医師が選んだ医事紛争事例 115  PDF

10年前の手術で訴訟に

(50歳代前半男性※事故当時)
〈事故の概要と経過〉
 事故当時52歳の男性。10年以上前に胆石症で入院。腹腔鏡下胆嚢摘出術を受けた。しかし、総胆管が損傷されたため、開腹して総胆管形成術が実施された。その3年後に黄疸を指摘されたたため、医療機関を受診して総胆管狭窄症の診断で入院となった。検査の結果、胆管十二指腸瘻を形成された部分が狭窄していると判明。医療機関は手術は困難と判断して、ネラトンチューブで狭窄部を段階的に拡張した。しかし、その後も将来の再狭窄を懸念し、患者は手術目的にてB医療機関を受診したが、そこでも同様に保存的治療が最善と判断された。なお、患者は、瘻孔拡張術を受けてさらに4年間、症状もなく、日常生活に支障なく過ごせていた。

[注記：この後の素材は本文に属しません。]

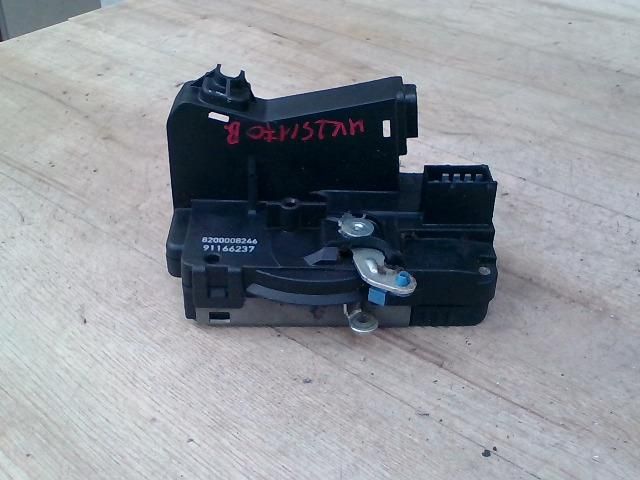 bontott RENAULT TRAFIC Bal első Ajtózár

 患者側は弁護士を介して、10年以上前の内視鏡下胆嚢摘出術で胆道損傷を併発したことは医師の不注意であったとして通知書を送付して交渉し、その後に訴訟を申し立てた。医療機関側としては、消滅時効を主張したが、医学的な調査はしていなかった。また、10年以上も前のことにもかかわらず患者が訴訟に踏み切ったのは、患者が医療機関側に憤怒しているというよりも、加齢とともに経済的に生活が不安になったことが大きいと推測された。医療機関側は、訴訟の場では不可抗力の合併症であり、医療過誤はないことを主張するとともに、消滅時効についても主張した。
 紛争発生から解決まで約5年9カ月間要した。
〈問題点〉
 胆石胆嚢炎の診断には間違いなく、胆嚢摘出術の適応にも問題ない。手技上の問題としては胆嚢管を切除すべきであったのに、結果として総胆管を損傷してしまった。しかし、その可能性については術前に説明されている。カルテ記載もあり説明義務違反はない。また、胆石胆嚢炎の程度を考慮すると一概に手技ミスとも断定できない。
〈結果〉
 医療機関側は医療過誤を認めなかったが、結果的に根負けの形となり、和解金を支払い解決した。和解額は患者請求額の6分の1以下であった。